O aparente antagonismo entre real e virtual desnuda-se: o real sobrepõe-se ao virtual. É real. Existe sim o negro de sucesso, pensante, zeloso de sua família e de valores, e o fato de ser bem-sucedido é que justifica sua associação a um produto de elite: serviços bancários via internet.

Interessante esta mutação na representação do negro no imaginário social, operada fundamentalmente pela ação do Movimento Negro, até porque é lugar comum a publicidade empregar mulheres negras, geralmente obesas e uniformizadas, servindo guloseimas feitas com leite condensado aos brancos. Nestas peças, a representação do negro projeta-o como incapaz de consumir mesmo aqueles produtos mais comezinhos e baratos, em razão do que restar-lhe-ia cozinhar e servir os brancos.

O estereótipo do negro brasileiro, o catador de caranguejo, é desconstruído, como deve ser desconstruído o estereótipo da não-funcionalidade dos serviços bancários oferecidos via internet. O conceito prévio, o preconceito, que se tem do negro brasileiro é tão errático quanto o preconceito que se tem dos serviços bancários acessíveis pela internet.
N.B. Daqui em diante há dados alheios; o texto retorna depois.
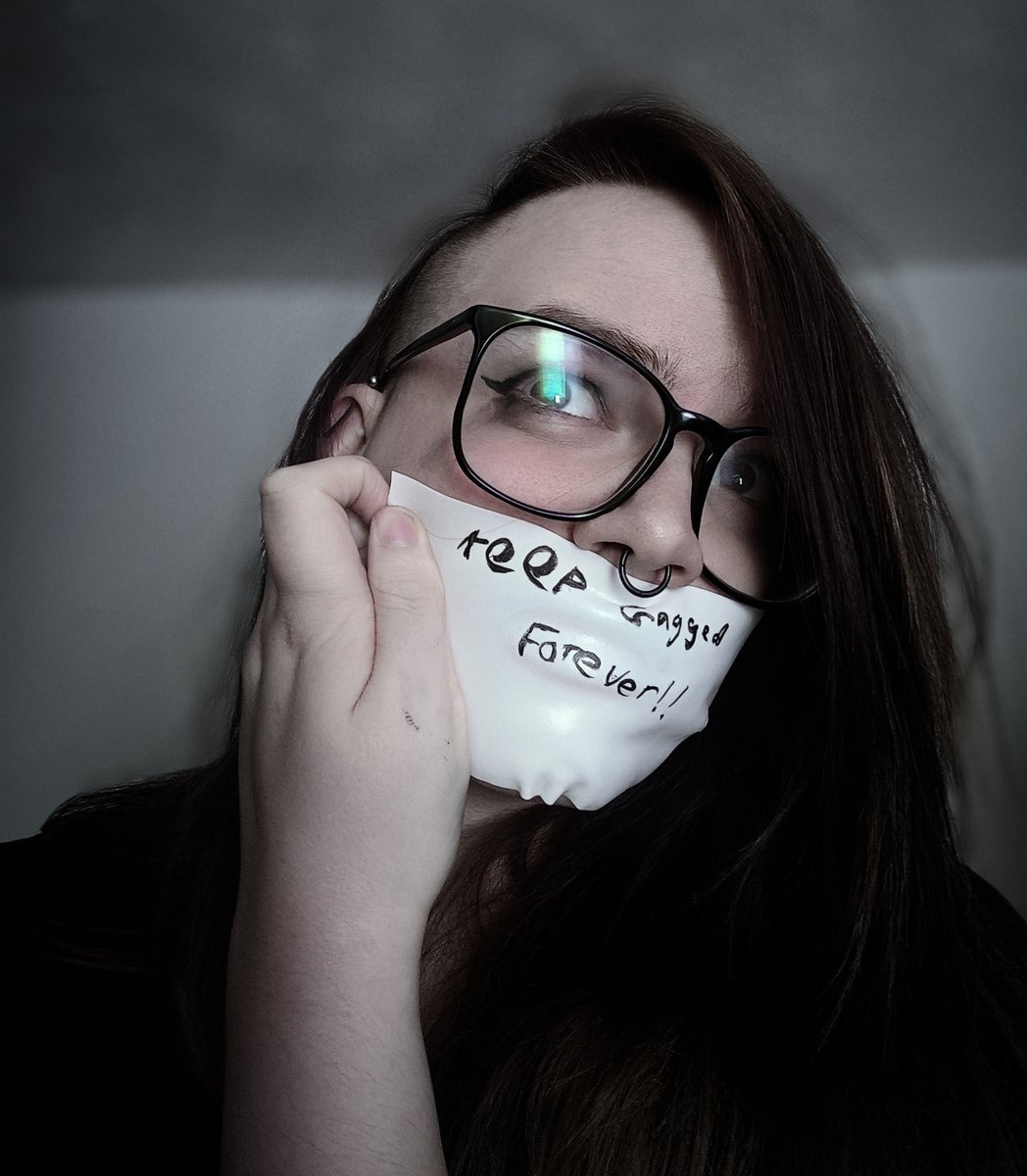 Oh no... I really don't think this one is coming off at all...  help?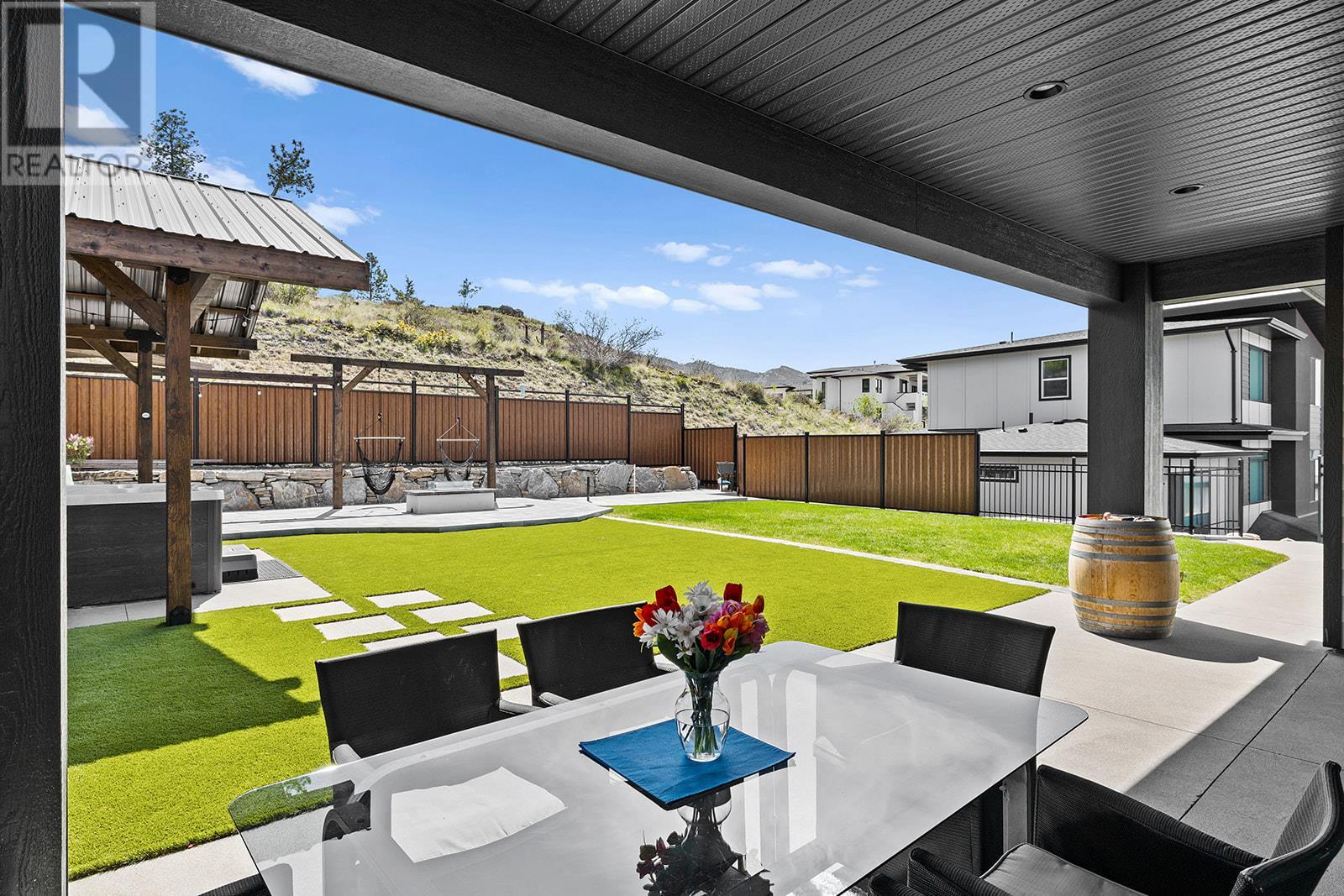 443 Redtail Court, Kelowna, British Columbia  V1W 0B1 - Photo 29 - 10345707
A peça quer atrair todos, negros, brancos e mulheres: aciona o sentimento de dignidade racial dos primeiros; propõe aos brancos nova ética nas relações raciais (sem julgamento de valor da ética vigente, o que é, aliás, moralmente confortável), materializa para as mulheres um novo perfil de marido (presumindo-se, o que é discutível, que a maioria das mulheres sonha com um marido ideal).

Imagens e textos incidem vigorosamente sobre consciência, credos, valores, questionando-os e transformando-os na perspectiva da valorização da diversidade humana. Eis um bom exemplo da incomensurável contribuição que a publicidade e a propaganda podem aportar para a superação da problemática racial no Brasil."